Put multiple modes of action to work all season long | VIOS G3
Made in China
février 2006
En prenant le vol de Montréal pour Vancouver, j’anticipais déjà à quel point celui de Vancouver-Hong Kong allait être long et difficile. Quinze heures, en suspension dans les airs, quel défi technologique.

Mais ce que j’appréhendais le plus finalement, c’était l’autre vol, celui de la « OMC Airline ». Le vol de la dernière chance, disaient les analystes. Celui pour lequel on nous proposait de prendre un billet, sans possibilité de retour, sans masque d’oxygène, sans bouée de sauvetage ni même de plan d’atterrissage en cas de catastrophe. Un vol au-dessus des nuages, sans aucune vision possible sur la terre, avec à son bord, du personnel qui tente de regarder l’agriculture de haut. Il y avait de quoi craindre l’attitude.

Sur place, une première observation m’interpella. Partout, on voit poindre des édifices en construction. Que des gratte-ciel. Pour chacun, une immense grue, installée au pied de l’immeuble. Tout autour, pousse jusqu’au dernier étage, un échafaudage fait uniquement de bambou. Chaque bâtisse a l’air de s’en remettre candidement à ce bois noble. Cinquante, soixante, cent étages attachés à la modernité par le lien de la tradition, voilà une image qui a de quoi surprendre.

À cette vue, je n’ai pu m’empêcher de penser que les Chinois n’ont pas eu peur d’oser leur différence. Ils ont fait fi des normes de construction établies ailleurs dans le monde, pour maintenir une façon de faire qui a fait ses preuves. Le bambou fait partie de la réussite d’une des économies les plus vigoureuses du monde.

C’est donc sur une de ces pattes en bambou, qui enjambait le trottoir, que j’ai appuyé la suite de ma réflexion.

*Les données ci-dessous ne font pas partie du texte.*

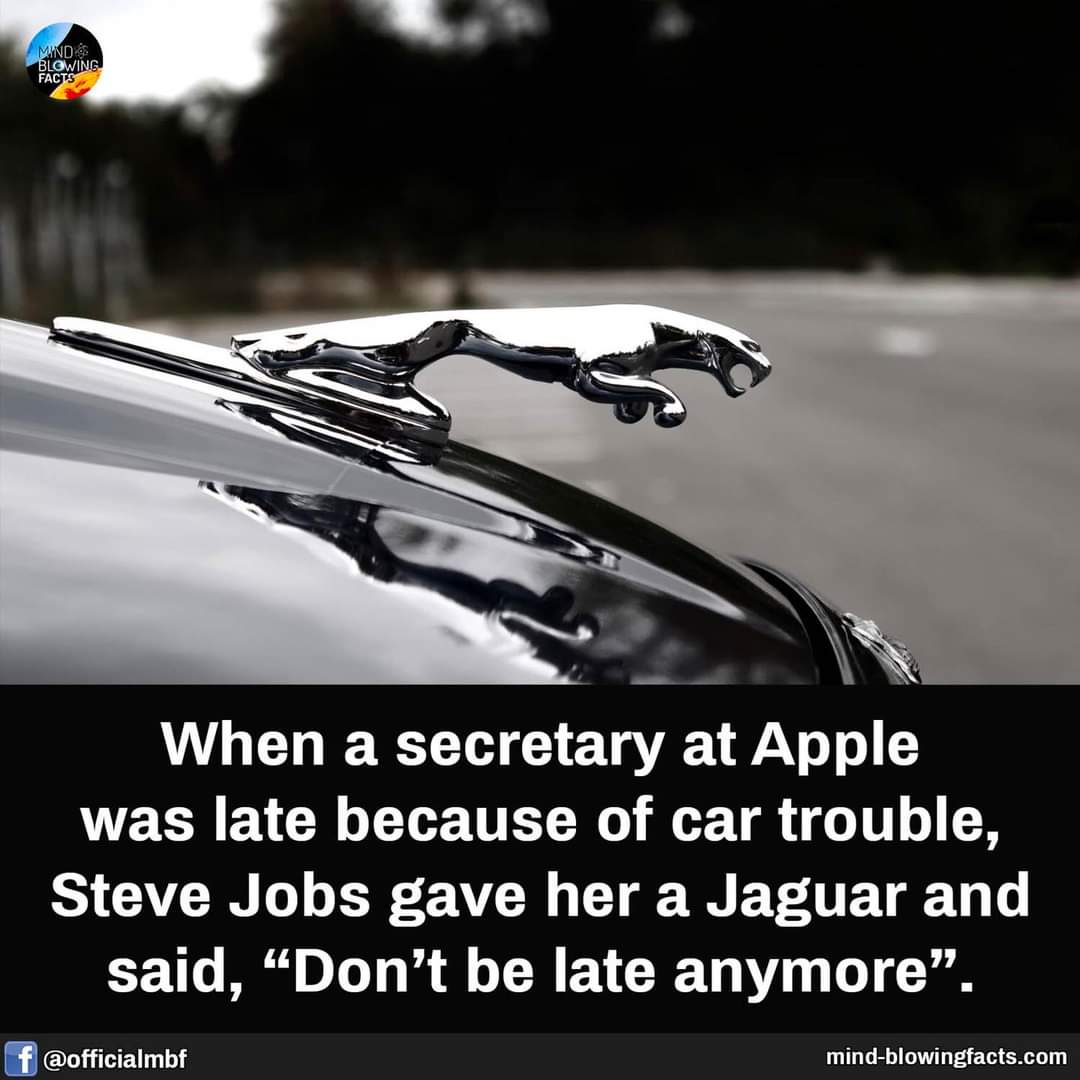 FB_IMG_1651055935257.jpg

Je me suis dit que notre agriculture pouvait continuer de s’inscrire dans la modernité tout en protégeant son bambou. Elle repose sur des outils collectifs qui l’ont si bien entourée dans son évolution. Depuis plus de quatre-vingts ans, le syndicalisme et le monde coopératif permettent à chaque agriculteur de bâtir une agriculture à la hauteur de ses aspirations. Cette façon de faire chantier est peut-être archaïque aux yeux de certains mais, pourtant, le résultat est franchement moderne.

Alors, au nom de quoi devrions-nous échafauder notre agriculture autrement? Au nom d’un commerce qui, jusqu’à présent, a permis d’accroître les exportations tout en diminuant les revenus des producteurs? Au nom d’une plus grande compétitivité qui a davantage concentré la richesse plutôt que diminué les prix à la consommation? Au nom d’une circulation tous azimuts de produits, accompagnée de la multiplication des risques phytosanitaires?

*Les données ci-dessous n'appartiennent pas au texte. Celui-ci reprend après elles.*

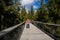 Tourists at The Treetop Walkway discovering the beauty of the Sumava National Park, Lipno nad Vltavou, South Bohemia, Czech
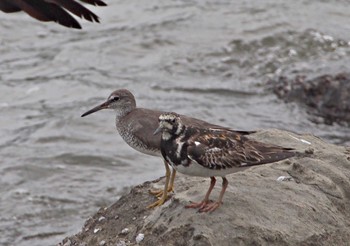 キョウジョシギ 東京港野鳥公園 2023年8月13日(日)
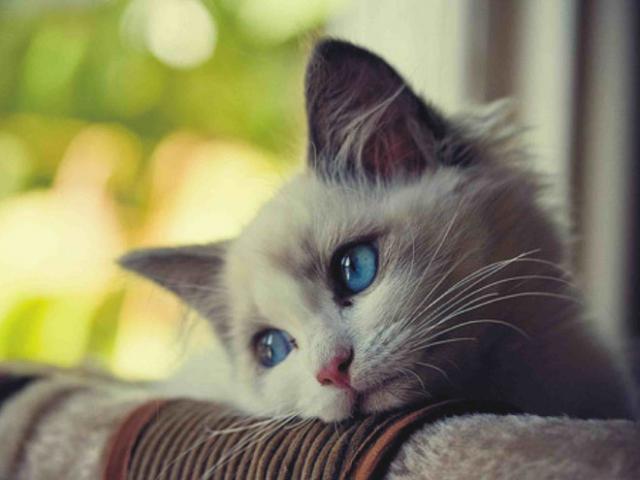 悲しい顔をした猫たちの写真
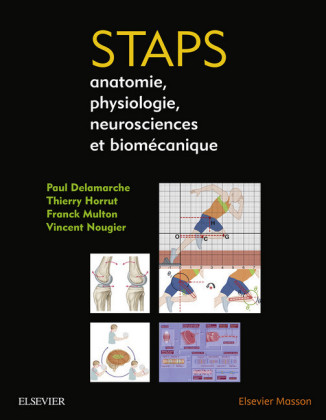 STAPS : anatomie, physiologie, neurosciences et biomécanique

En fait, je crois que ce que l’OMC s’apprêtait à nous voler, c’est notre souveraineté. Ce droit des Nations à décider de leur avenir. Et c’est à ce titre que la souveraineté alimentaire rejoint de plus en plus de monde. Soutenue par les Africains et des organisations non gouvernementales, elle a été marginalisée, pour ne pas dire ridiculisée pendant plusieurs années. Comment peut-on être moderne lorsque l’on est à contre-courant, nous disait-on? La réponse est dans le bambou. Il est possible de s’inscrire dans la modernité sans renier ses fondements, lorsqu’ils ont fait leurs preuves.

La souveraineté alimentaire n’empêche pas le commerce et les échanges mondiaux. Elle soutient la volonté de chaque pays à produire à la hauteur, soit de ses besoins, soit de sa capacité ou, encore, de sa volonté. Sur la base de ces principes, les règles du commerce international seraient inversées, car l’ouverture des frontières reposerait sur l’insuffisance plutôt que sur la concurrence. L’OMC pourrait alors jouer le rôle pour lequel elle a été créée, soit de s’assurer que les règles du commerce mondial sont respectées par tous les pays membres.

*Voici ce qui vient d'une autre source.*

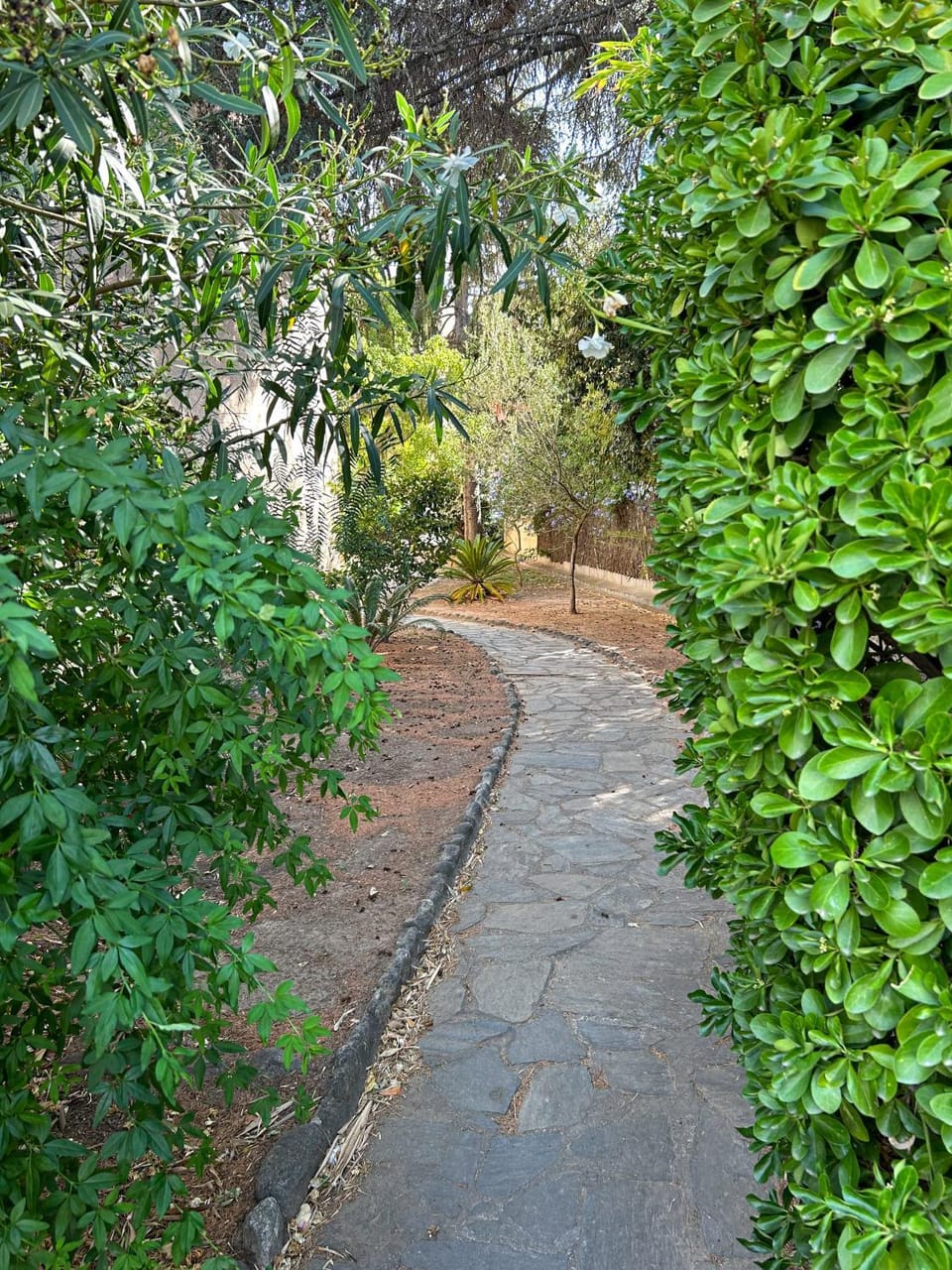 L'appart du Racou Apartment in Argeles-sur-Mer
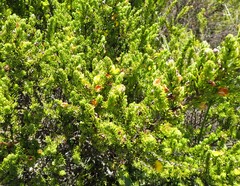 Aspalathus asparagoides asparagoides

J’ai repris la direction de l’hôtel, plus convaincu que jamais qu’il fallait empêcher la « OMC Airline » de voler, pour ne pas dire errer, plus longtemps. Convaincu aussi que notre modernité repose sur la capacité de nos organisations à travailler ensemble à la production du bambou nécessaire pour supporter notre agriculture.

Chemin faisant, j’ai vu, à la porte d’un restaurant, une boîte portant l’étiquette Olymel. Et comme dirait l’autre, « c’est vraiment vrai ».